── RECORDS SHOWN ──

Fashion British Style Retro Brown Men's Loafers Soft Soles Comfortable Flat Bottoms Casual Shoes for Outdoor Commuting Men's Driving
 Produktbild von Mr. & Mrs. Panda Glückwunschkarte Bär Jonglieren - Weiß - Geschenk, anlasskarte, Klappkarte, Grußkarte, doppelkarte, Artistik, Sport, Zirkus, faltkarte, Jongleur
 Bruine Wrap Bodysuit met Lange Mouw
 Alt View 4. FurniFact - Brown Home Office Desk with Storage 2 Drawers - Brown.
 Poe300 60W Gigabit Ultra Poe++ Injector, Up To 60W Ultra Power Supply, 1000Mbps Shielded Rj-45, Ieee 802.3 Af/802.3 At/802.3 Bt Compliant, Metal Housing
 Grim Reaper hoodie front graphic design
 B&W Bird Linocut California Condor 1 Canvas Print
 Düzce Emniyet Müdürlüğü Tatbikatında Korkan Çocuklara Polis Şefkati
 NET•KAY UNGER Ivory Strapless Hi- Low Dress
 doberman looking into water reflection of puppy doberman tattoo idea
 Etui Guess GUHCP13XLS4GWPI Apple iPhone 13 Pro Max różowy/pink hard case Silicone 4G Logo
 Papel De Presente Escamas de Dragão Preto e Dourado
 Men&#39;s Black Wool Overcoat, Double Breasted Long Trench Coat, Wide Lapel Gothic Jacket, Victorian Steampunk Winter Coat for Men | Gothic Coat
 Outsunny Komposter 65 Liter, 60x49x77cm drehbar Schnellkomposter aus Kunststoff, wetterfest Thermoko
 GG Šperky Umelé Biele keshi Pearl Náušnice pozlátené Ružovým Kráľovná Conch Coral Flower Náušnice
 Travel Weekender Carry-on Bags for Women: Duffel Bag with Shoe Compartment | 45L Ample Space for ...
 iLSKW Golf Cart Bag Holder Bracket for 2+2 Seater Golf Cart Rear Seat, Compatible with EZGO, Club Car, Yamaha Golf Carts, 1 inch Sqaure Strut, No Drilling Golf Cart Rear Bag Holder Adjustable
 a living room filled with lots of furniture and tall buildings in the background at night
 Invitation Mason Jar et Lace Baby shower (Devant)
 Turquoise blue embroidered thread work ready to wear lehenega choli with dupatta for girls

───

> [DIRECTIONS]:
Return only the part of the records above that opens with the line containing "Travel Weekender Carry-on" and closes with the line containing "a living room", ends included.

> [PROBLEM SOLUTION]:
 Travel Weekender Carry-on Bags for Women: Duffel Bag with Shoe Compartment | 45L Ample Space for ...
 iLSKW Golf Cart Bag Holder Bracket for 2+2 Seater Golf Cart Rear Seat, Compatible with EZGO, Club Car, Yamaha Golf Carts, 1 inch Sqaure Strut, No Drilling Golf Cart Rear Bag Holder Adjustable
 a living room filled with lots of furniture and tall buildings in the background at night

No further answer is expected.